Exercise goal: Give back exactly the lines that start at the one containing "Bogo | PetCurious" and run to the end of the material, leaving out the pictures.

Material provided:
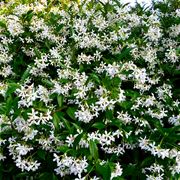 rincospermum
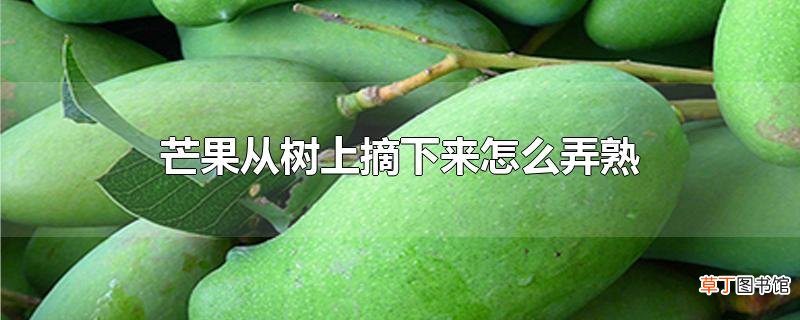 芒果从树上摘下来怎么弄熟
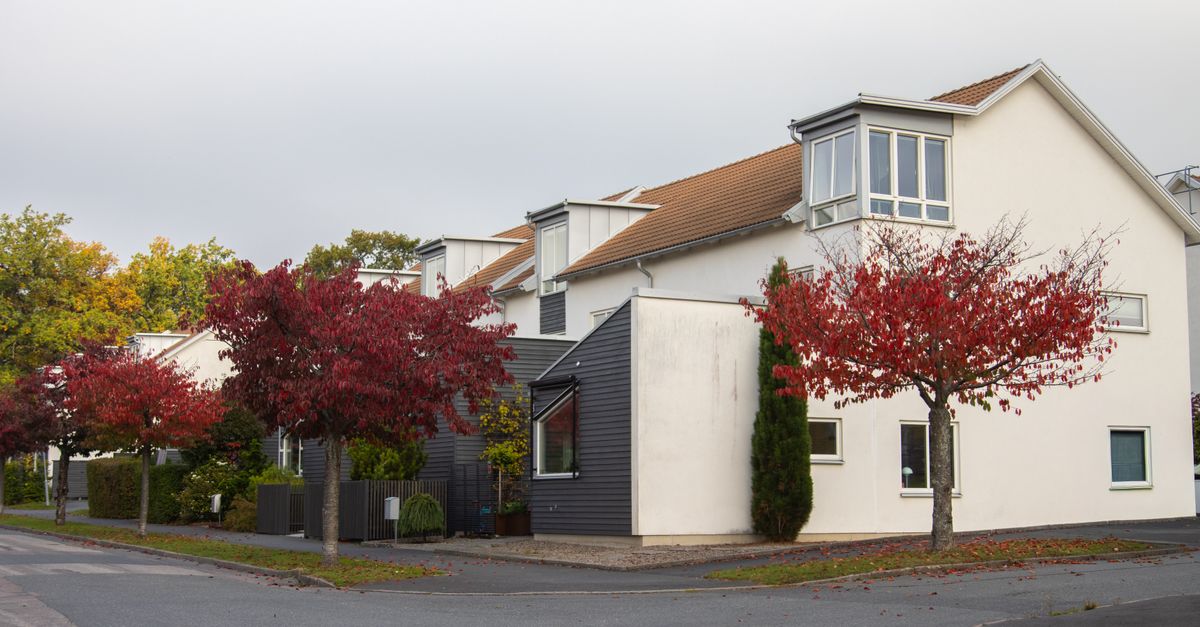 Charming suburban street in Jönköping, Sweden, showcasing vibrant autumn foliage and modern architecture.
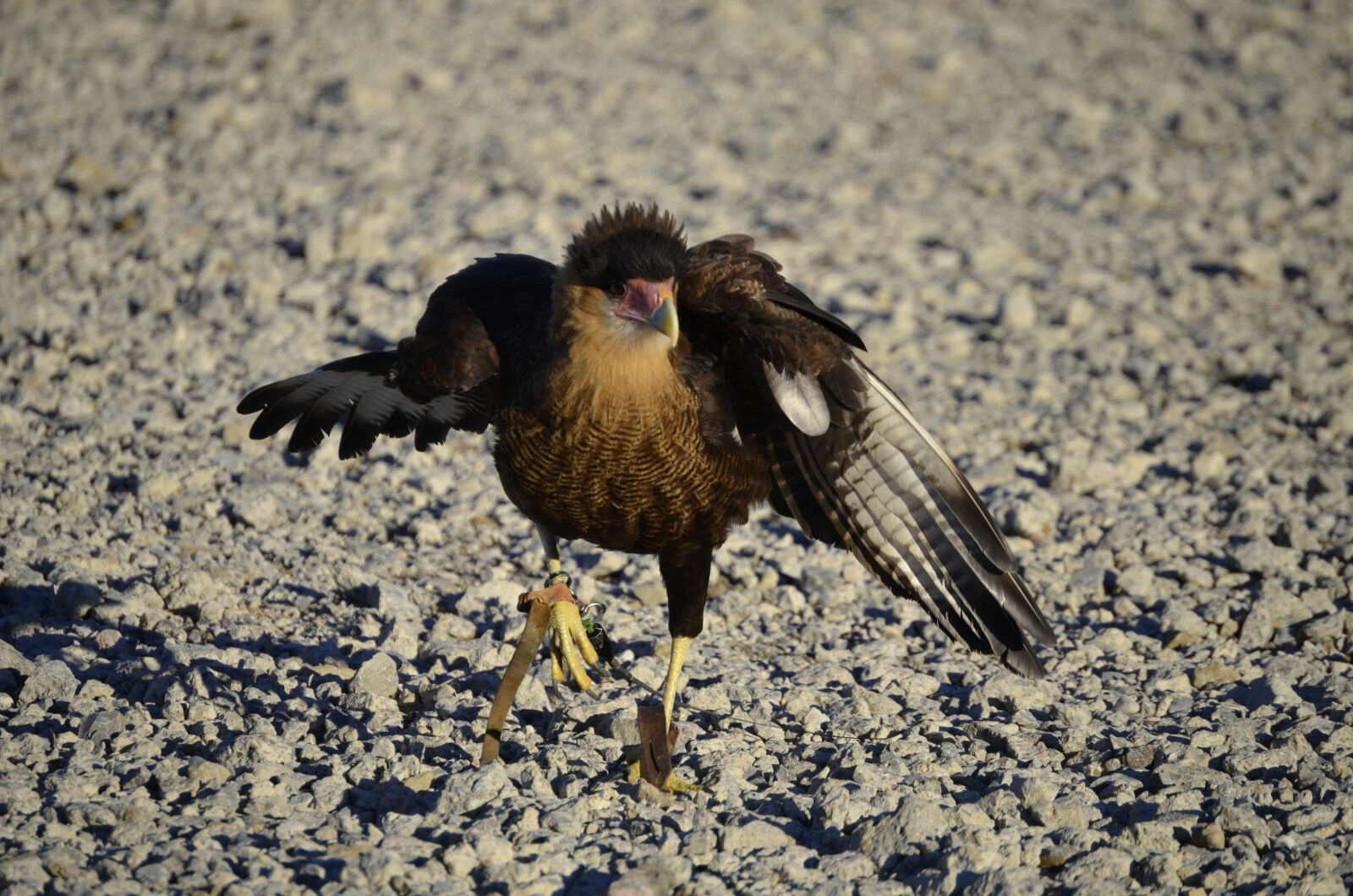 Nikon D5100 sample photo. Vulture, raptor, scavengers photography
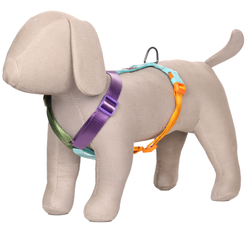 Pets Like Nylon Full Harness for Dogs (Rainbow Aqua Blue)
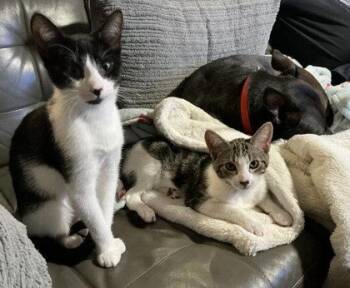 Domestic Short Hair Cats Available for Adoption - Hazel Clarkson - Adopt With Coconut | PetCurious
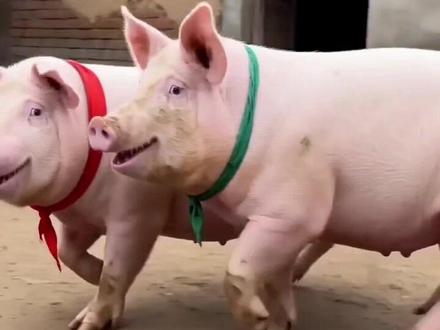 #AI放鞭炮炸铁盆 #随变ai随便玩 #随变放炮炸出一个小可爱 #火山引擎ai让年味儿更浓了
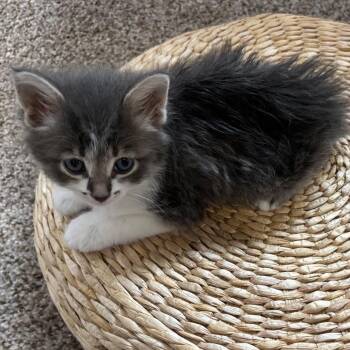 Bogo -  Domestic Medium Hair Cat for Adoption in Las Cruces, New Mexico - Bogo | PetCurious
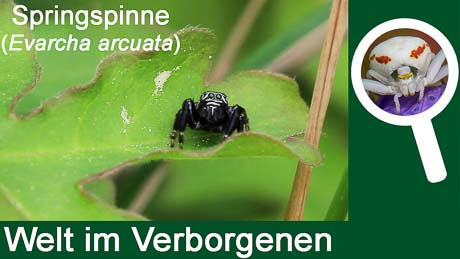 Die Springspinne Evarcha arcuata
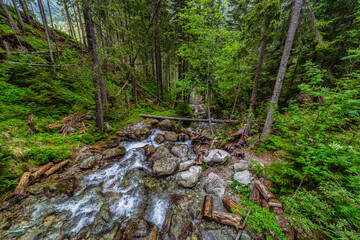 Fototapeta premium Powerful mountain stream flowing through a dense coniferous forest in the High Tatras. Kmetov waterfall (Kmeťov vodopád) surrounded by mossy rocks and fallen trees in the Nefcerka valley, Slovakia.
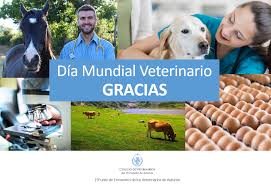 El comité de ganadero del tolima se une a las manifestaciones de agradecimiento a nuestros veterinarios.feliz día!!! Dia Mundial Veterinario Colegio Oficial De Veterinarios Del Principado De Asturias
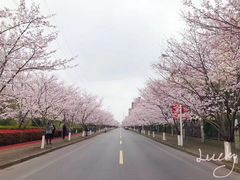 -高东镇樱花园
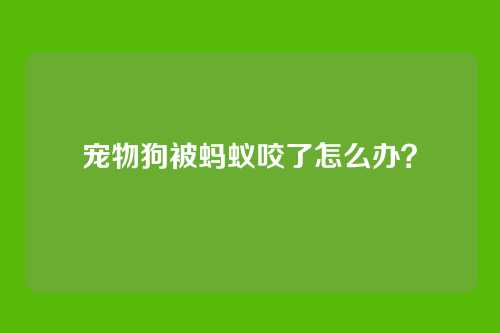 宠物狗被蚂蚁咬了怎么办？
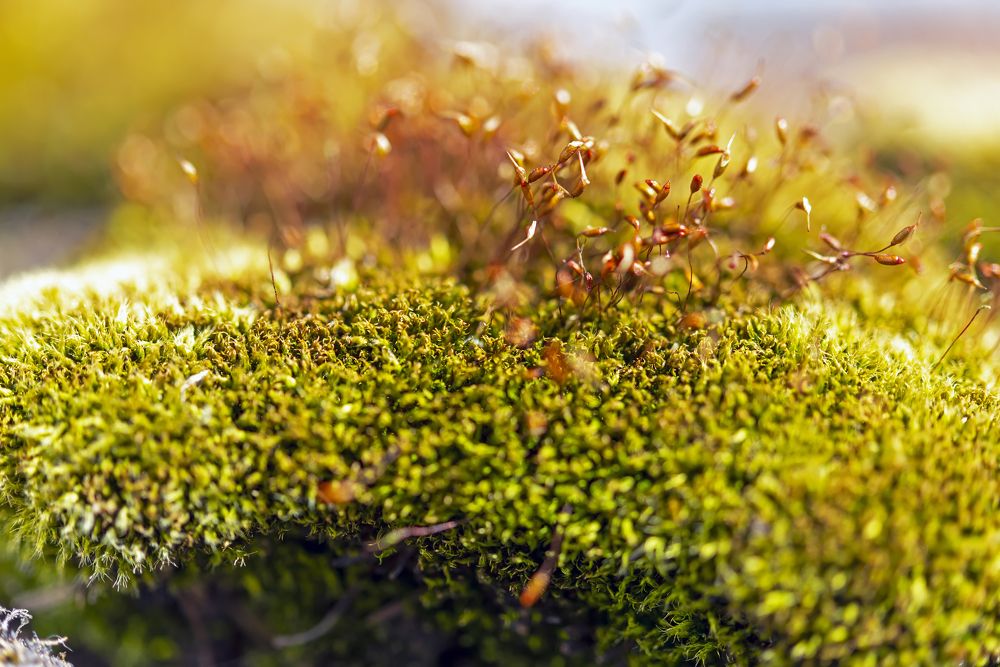 Photograph by Александр Бондаренко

Solution to this task:
 Bogo -  Domestic Medium Hair Cat for Adoption in Las Cruces, New Mexico - Bogo | PetCurious
 Die Springspinne Evarcha arcuata
 Fototapeta premium Powerful mountain stream flowing through a dense coniferous forest in the High Tatras. Kmetov waterfall (Kmeťov vodopád) surrounded by mossy rocks and fallen trees in the Nefcerka valley, Slovakia.
 El comité de ganadero del tolima se une a las manifestaciones de agradecimiento a nuestros veterinarios.feliz día!!! Dia Mundial Veterinario Colegio Oficial De Veterinarios Del Principado De Asturias
 -高东镇樱花园
 宠物狗被蚂蚁咬了怎么办？
 Photograph by Александр Бондаренко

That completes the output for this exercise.